5. FERC Transmission Base ROE Complaint

On September 30, 2011, several New England state attorneys general, state regulatory commissions, consumer advocates and other parties filed a joint complaint with the FERC under Sections 206 and 306 of the Federal Power Act alleging that the base ROE used in calculating formula rates for transmission service under the ISO-NE Open Access Transmission Tariff by New England transmission owners, including NSTAR Electric, CL&P, PSNH and WMECO, is unjust and unreasonable. The complainants asserted that the current 11.14 percent rate, which became effective in 2006, is excessive due to changes in the capital markets and are seeking an order to reduce the rate to 9.2 percent, effective September 30, 2011. In response, the New England transmission owners filed testimony and analysis based on standard FERC methodology and precedent, justifying a base ROE of approximately 11.2 percent, thus demonstrating that the base ROE of 11.14 percent remained just and reasonable.

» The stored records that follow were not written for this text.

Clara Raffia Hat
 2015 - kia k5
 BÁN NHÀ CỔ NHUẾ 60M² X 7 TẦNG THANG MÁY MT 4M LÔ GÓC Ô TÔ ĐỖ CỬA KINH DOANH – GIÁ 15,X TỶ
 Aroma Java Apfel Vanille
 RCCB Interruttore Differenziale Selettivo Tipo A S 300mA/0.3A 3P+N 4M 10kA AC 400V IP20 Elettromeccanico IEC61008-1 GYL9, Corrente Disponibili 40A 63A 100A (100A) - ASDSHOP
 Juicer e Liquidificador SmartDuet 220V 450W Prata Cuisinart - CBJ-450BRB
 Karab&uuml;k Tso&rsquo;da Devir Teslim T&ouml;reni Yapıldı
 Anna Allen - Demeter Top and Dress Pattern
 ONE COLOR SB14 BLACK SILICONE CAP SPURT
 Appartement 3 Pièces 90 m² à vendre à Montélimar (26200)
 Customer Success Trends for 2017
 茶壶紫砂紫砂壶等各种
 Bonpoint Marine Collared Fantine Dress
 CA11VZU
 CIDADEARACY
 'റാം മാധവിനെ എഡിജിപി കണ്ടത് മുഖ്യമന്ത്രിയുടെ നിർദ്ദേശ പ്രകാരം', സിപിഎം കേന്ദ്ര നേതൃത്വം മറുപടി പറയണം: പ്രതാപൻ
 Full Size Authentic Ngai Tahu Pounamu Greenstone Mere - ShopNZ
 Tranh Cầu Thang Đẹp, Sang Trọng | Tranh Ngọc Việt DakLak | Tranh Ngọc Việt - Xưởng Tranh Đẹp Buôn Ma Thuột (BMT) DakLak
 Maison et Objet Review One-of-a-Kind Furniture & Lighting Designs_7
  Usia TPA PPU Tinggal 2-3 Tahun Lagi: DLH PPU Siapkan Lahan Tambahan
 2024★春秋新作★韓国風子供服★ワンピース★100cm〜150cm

On May 3, 2012, the FERC issued an order establishing hearing and settlement judge procedures for the complaint. In the order, FERC encouraged the parties to reach a settlement of the dispute before hearings commence. One of the commissioners dissented, stating that the complaint should have been rejected based on the record and FERC precedent. The FERC indicated that if a settlement was not reached, it would expect to render a decision in the third quarter of 2013, with changes, if any, effective October 1, 2011. NSTAR Electric cannot predict the outcome of this proceeding, or its impact on its financial position, results of operations or cash flows.

 

As of March 31, 2012, NSTAR Electric had approximately $500 million of aggregate shareholders equity invested in its transmission facilities. As a result, each 10 basis points change in the authorized base ROE would change annual consolidated earnings by an approximate $0.5 million.

 

6. Legal Matters

In the normal course of its business, NSTAR Electric and its subsidiaries are involved in certain legal matters, including civil litigation, for which it has appropriately recognized legal liabilities. Management has reviewed the range of reasonably possible court-ordered damages, settlement amounts, and related litigation costs (legal liabilities) that would be in excess of amounts accrued and amounts covered by insurance, and determined that the range of reasonably possible legal liabilities would not be material. Based on the information currently available, NSTAR Electric does not believe that it is probable that any such legal liabilities will have a material impact on its consolidated financial position. However, it is reasonably possible that additional legal liabilities that may result from changes in circumstances could have a material impact on its results of operations, financial condition, and cash flows.